Des bus suisses pour revitaliser les services locaux
L’initiative, lancée dès 2023, a de quoi surprendre par sa portée et sa précision. Près de 200 bus d’occasion, encore pleinement opérationnels dans les villes helvétiques, ont été acquis grâce à l’engagement personnel de ressortissants tunisiens vivant en Suisse. Ces véhicules, loin d’être de simples dons symboliques, représentent une solution concrète pour améliorer le transport dans plusieurs régions tunisiennes. Derrière ce projet logistique ambitieux se trouvent des noms devenus familiers dans les cercles de la diaspora tunisienne comme Fadi Bettayeb, Lassâad Limam…Le président Kaïs Saïed les a récemment reçus à Carthage pour saluer leur contribution. Il a tenu à souligner non seulement l’utilité de ces bus, mais aussi la persévérance nécessaire pour obtenir les pièces détachées et maintenir les véhicules en parfait état.
Ce geste est le fruit d’une volonté collective qui dépasse l’altruisme ponctuel. Il reflète une vision de développement fondée sur la coopération entre citoyens établis à l’étranger et les institutions nationales. Là où l’État connaît des difficultés logistiques ou financières, la diaspora vient combler des manques, avec une efficacité qui bouscule parfois les circuits administratifs traditionnels.
Lever les obstacles à une contribution fluide
Mais cette mobilisation exemplaire révèle aussi les nombreux défis que rencontrent les Tunisiens de l’extérieur lorsqu’ils tentent de s’investir davantage dans leur pays d’origine. Le président Saïed a reconnu l’existence de lourdeurs administratives qui freinent les élans de la diaspora. Démarches compliquées, règles floues, lenteurs institutionnelles : autant d’obstacles qui, s’ils ne sont pas levés, risquent de décourager l’engagement sur le long terme. Il a appelé à une simplification rapide des procédures pour permettre à ces partenaires de contribuer pleinement au développement de la Tunisie.
Le cas de ces bus n’est donc pas isolé. Il symbolise un potentiel plus vaste, aujourd’hui sous-exploité. De nombreux Tunisiens de l’étranger disposent de compétences techniques, de réseaux d’affaires et d’expériences acquises dans des environnements très compétitifs. Ce sont autant d’atouts pour une Tunisie qui cherche à relancer ses infrastructures et moderniser ses services publics. Encore faut-il que les cadres institutionnels accompagnent, et non entravent, cette volonté de servir.
Une dynamique à encourager
La contribution de la diaspora tunisienne installée en Suisse est un signal fort. Elle montre qu’un engagement ciblé, porté par des personnes déterminées, peut entraîner des résultats visibles et utiles à court terme.
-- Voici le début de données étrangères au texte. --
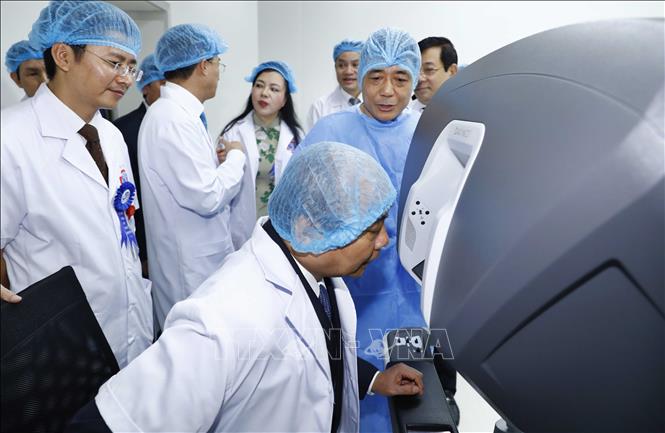 Trong ảnh: Thủ tướng Nguyễn Xuân Phúc thăm Trung tâm phẫu thuật Robot. Ảnh: Thống Nhất – TTXVN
Mais elle met aussi en lumière une réalité plus large : les diasporas ne demandent pas la charité ni la reconnaissance passive. Elles souhaitent être considérées comme des partenaires de développement à part entière, avec les moyens d’agir efficacement.
Face aux urgences économiques et sociales, miser sur ces relais extérieurs n’est pas une option secondaire. C’est une voie d’action stratégique. La Tunisie, comme d’autres pays du Maghreb, gagnerait à multiplier les passerelles entre ses enfants d’ici et ceux d’ailleurs. Car lorsque ceux-ci se mobilisent, les résultats parlent d’eux-mêmes.